# Brief
Copy out the full data exactly as given; pictures should not be included.

[Captioned web images]

┄┄┄┄┄┄

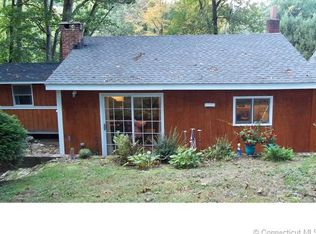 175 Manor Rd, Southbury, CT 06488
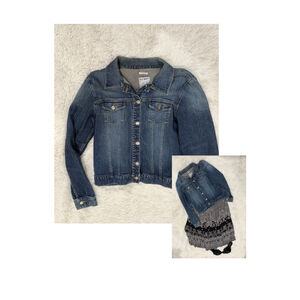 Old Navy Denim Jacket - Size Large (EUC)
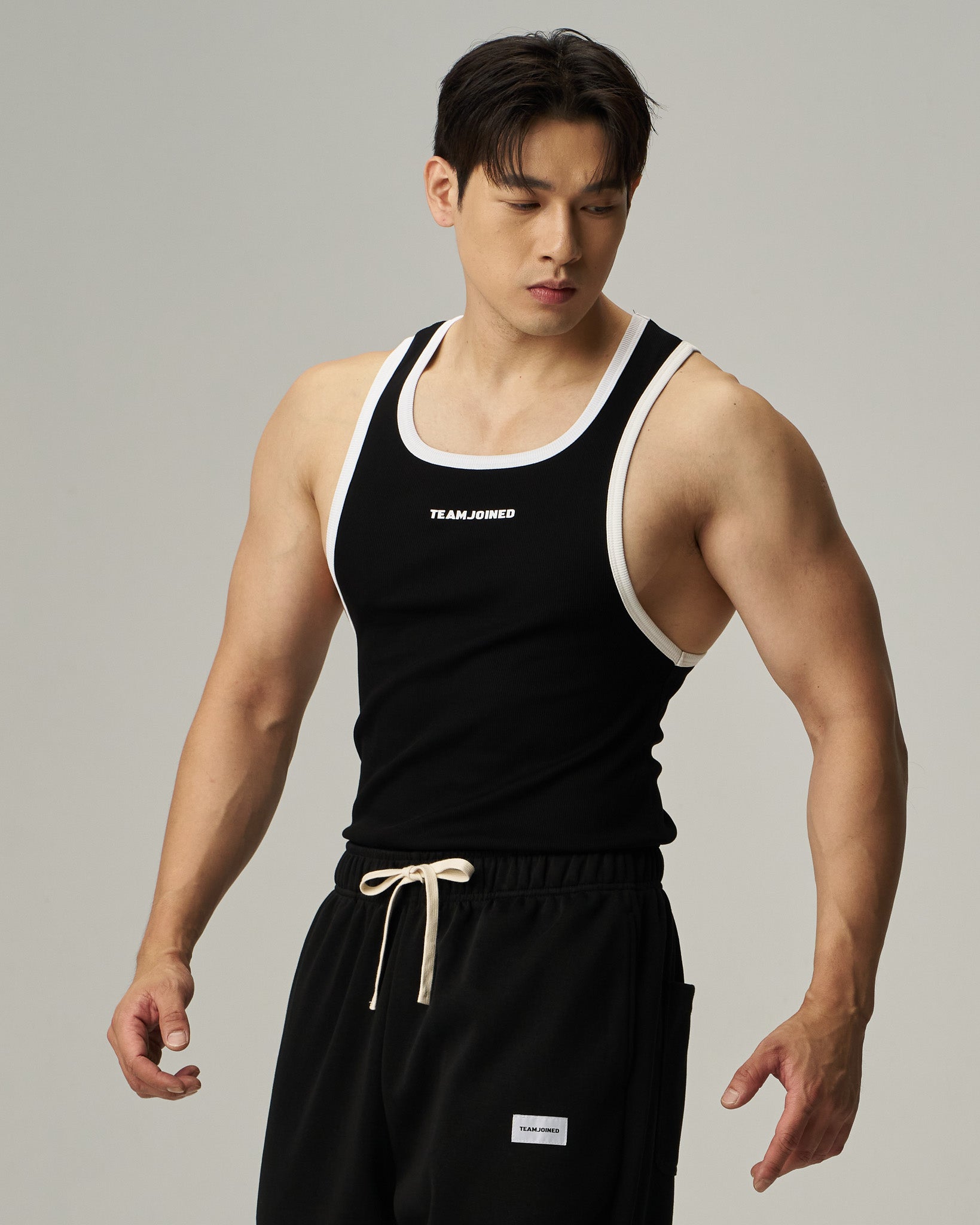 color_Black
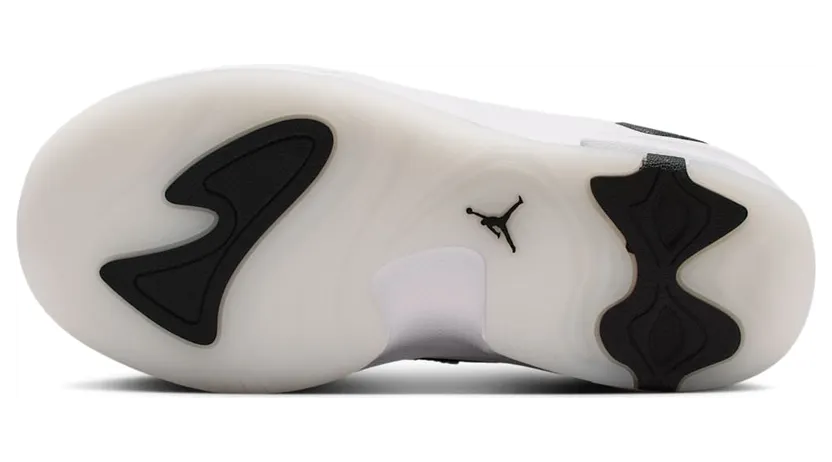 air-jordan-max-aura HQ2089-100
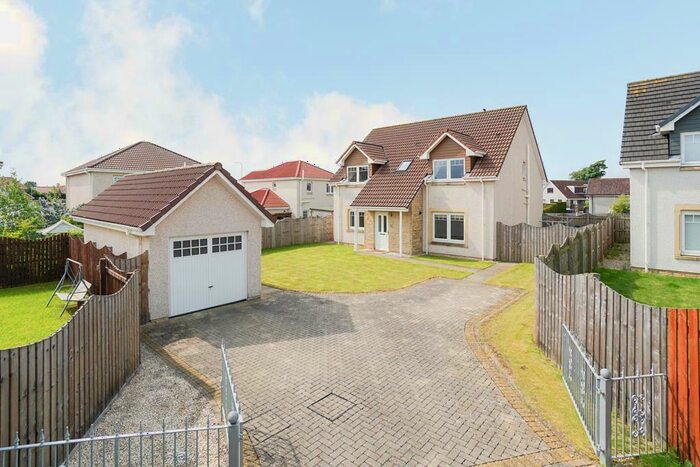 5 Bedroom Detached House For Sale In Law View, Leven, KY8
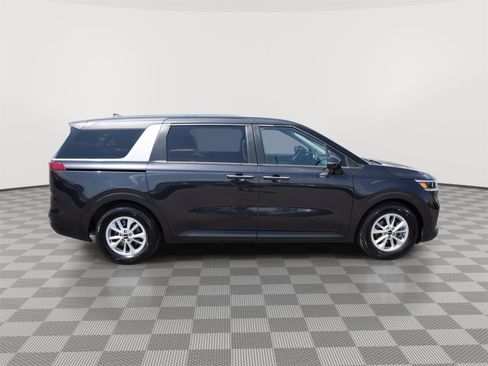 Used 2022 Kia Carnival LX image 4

┄┄┄┄┄┄

# Answer to the exercise
 175 Manor Rd, Southbury, CT 06488
 Old Navy Denim Jacket - Size Large (EUC)
 color_Black
 air-jordan-max-aura HQ2089-100
 5 Bedroom Detached House For Sale In Law View, Leven, KY8
 Used 2022 Kia Carnival LX image 4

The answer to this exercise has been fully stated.